■ Task details
After locating the line with "this 640×421 image." in the entries below, output it and each following line up to and including the line with "this 1316×898 image.", exactly and without pictures.

■ Data to use
********

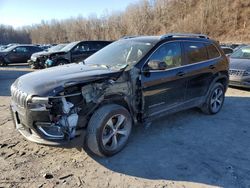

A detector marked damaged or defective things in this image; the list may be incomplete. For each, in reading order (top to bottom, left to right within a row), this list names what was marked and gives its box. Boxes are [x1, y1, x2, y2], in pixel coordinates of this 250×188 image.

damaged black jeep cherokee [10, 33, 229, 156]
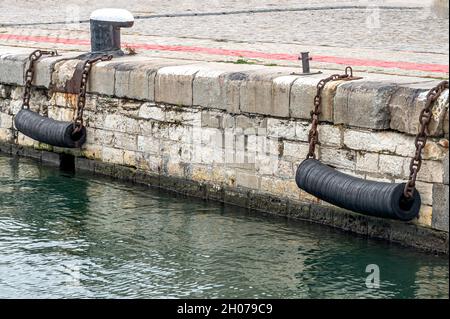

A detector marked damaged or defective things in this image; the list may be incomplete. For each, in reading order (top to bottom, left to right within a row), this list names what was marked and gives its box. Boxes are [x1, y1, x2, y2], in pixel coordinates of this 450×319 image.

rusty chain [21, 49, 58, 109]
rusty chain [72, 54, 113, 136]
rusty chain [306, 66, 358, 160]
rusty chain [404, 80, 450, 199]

********

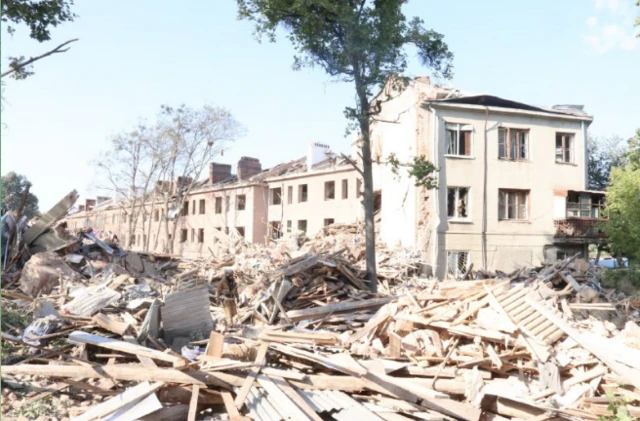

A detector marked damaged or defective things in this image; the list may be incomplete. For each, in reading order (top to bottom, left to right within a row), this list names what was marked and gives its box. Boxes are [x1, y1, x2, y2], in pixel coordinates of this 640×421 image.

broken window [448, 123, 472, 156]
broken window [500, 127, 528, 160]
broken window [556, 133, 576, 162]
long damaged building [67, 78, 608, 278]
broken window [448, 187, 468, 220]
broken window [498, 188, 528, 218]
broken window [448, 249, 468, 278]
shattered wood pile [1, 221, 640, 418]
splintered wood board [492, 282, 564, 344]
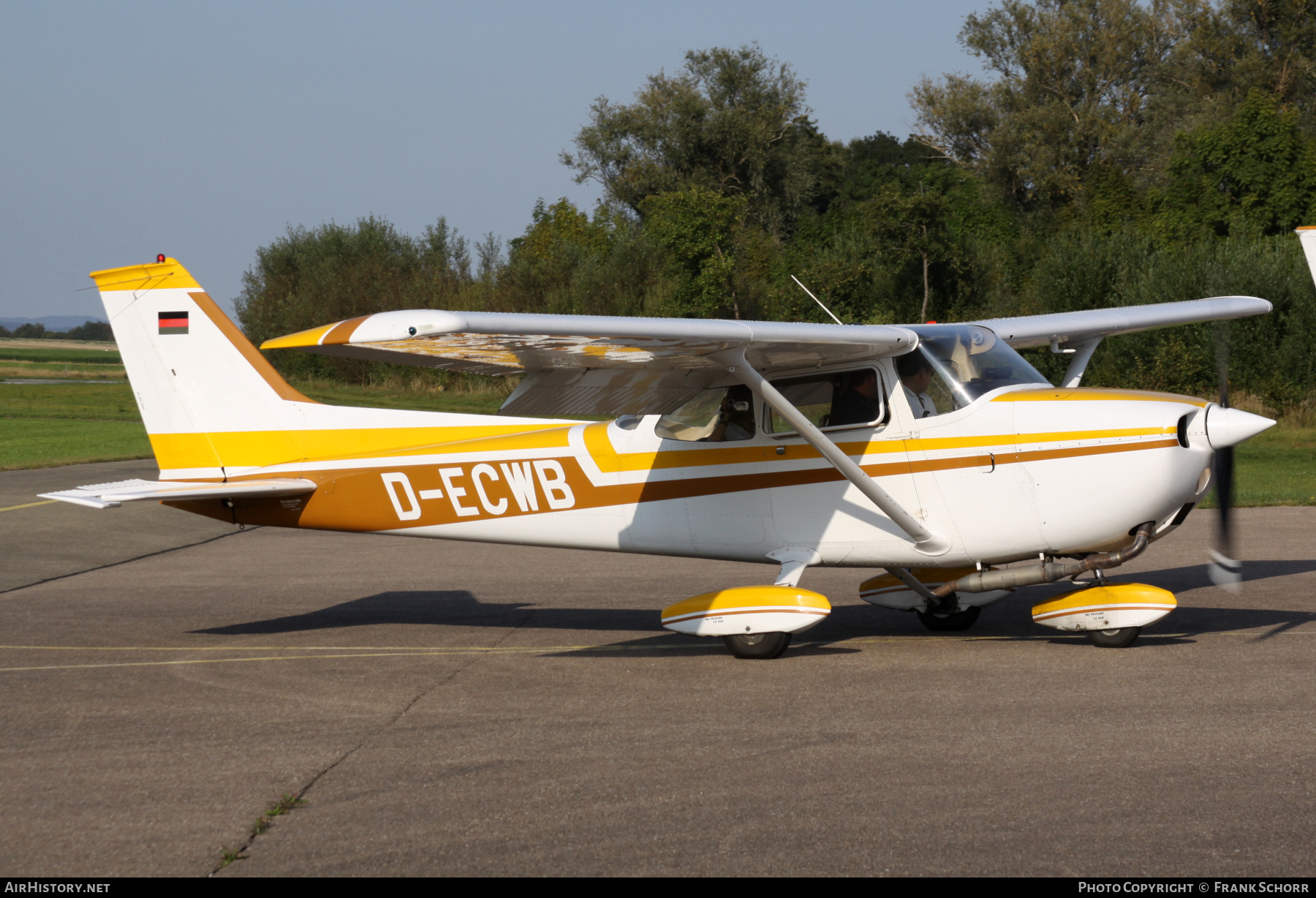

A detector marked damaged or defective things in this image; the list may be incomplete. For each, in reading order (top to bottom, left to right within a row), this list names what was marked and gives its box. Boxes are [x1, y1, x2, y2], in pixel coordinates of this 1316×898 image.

********

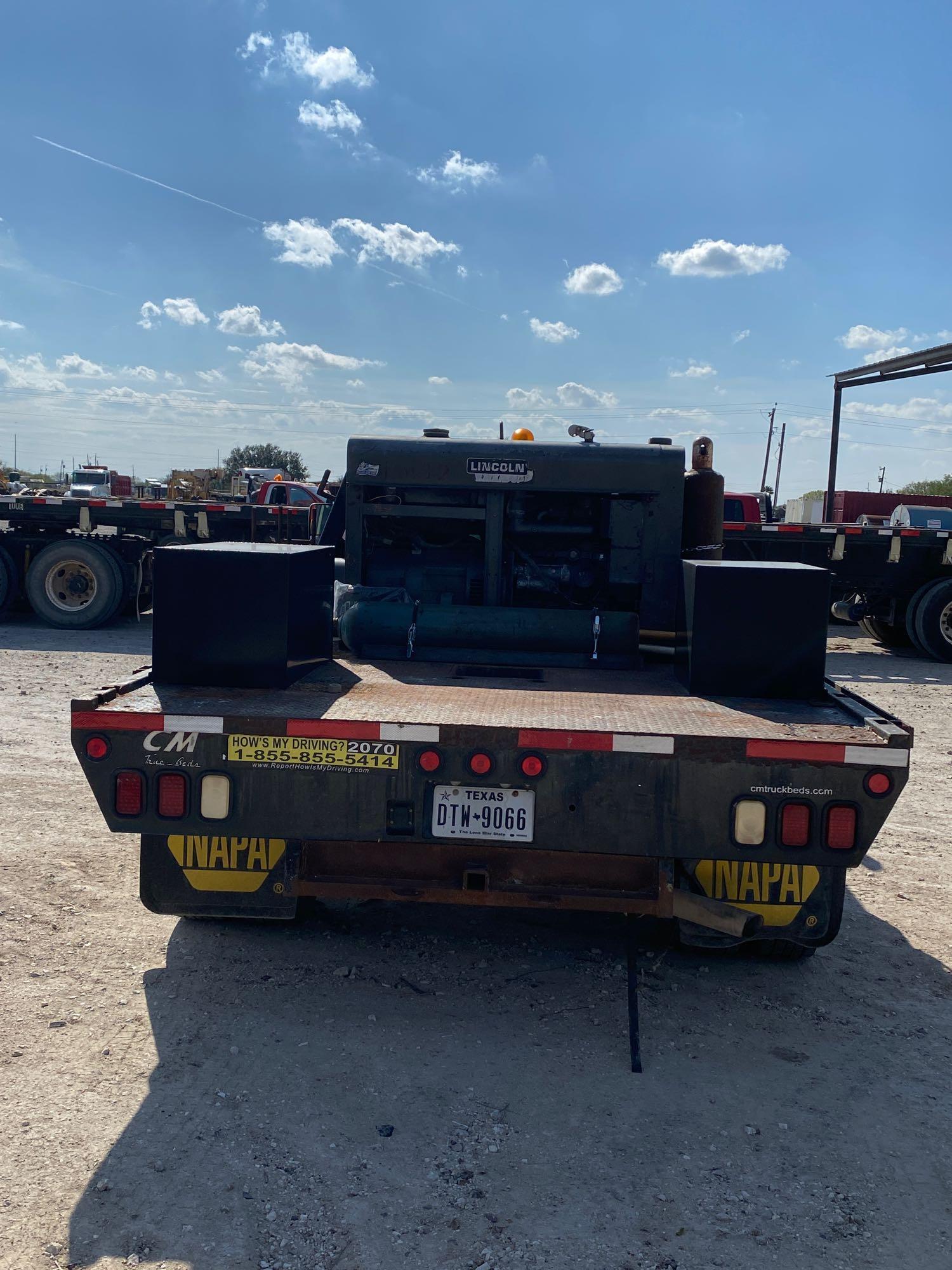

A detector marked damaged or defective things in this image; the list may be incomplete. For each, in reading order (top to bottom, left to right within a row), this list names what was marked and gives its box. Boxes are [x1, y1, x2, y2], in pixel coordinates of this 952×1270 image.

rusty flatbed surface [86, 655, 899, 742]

********

■ Task response
A detector marked damaged or defective things in this image; the list may be incomplete. For each, in reading order (top to bottom, left to right within a row), this list names what was marked and gives its box. Boxes are [x1, y1, x2, y2], in pixel coordinates of this 640×421 image.

broken window [448, 123, 472, 156]
broken window [500, 127, 528, 160]
broken window [556, 133, 576, 162]
long damaged building [67, 78, 608, 278]
broken window [448, 187, 468, 220]
broken window [498, 188, 528, 218]
broken window [448, 249, 468, 278]
shattered wood pile [1, 221, 640, 418]
splintered wood board [492, 282, 564, 344]

A detector marked damaged or defective things in this image; the list may be incomplete. For each, in reading order (top to bottom, left to right within a row), this list names what was marked and gives its box. Boxes are [x1, y1, x2, y2], in pixel coordinates of this 1316×898 image.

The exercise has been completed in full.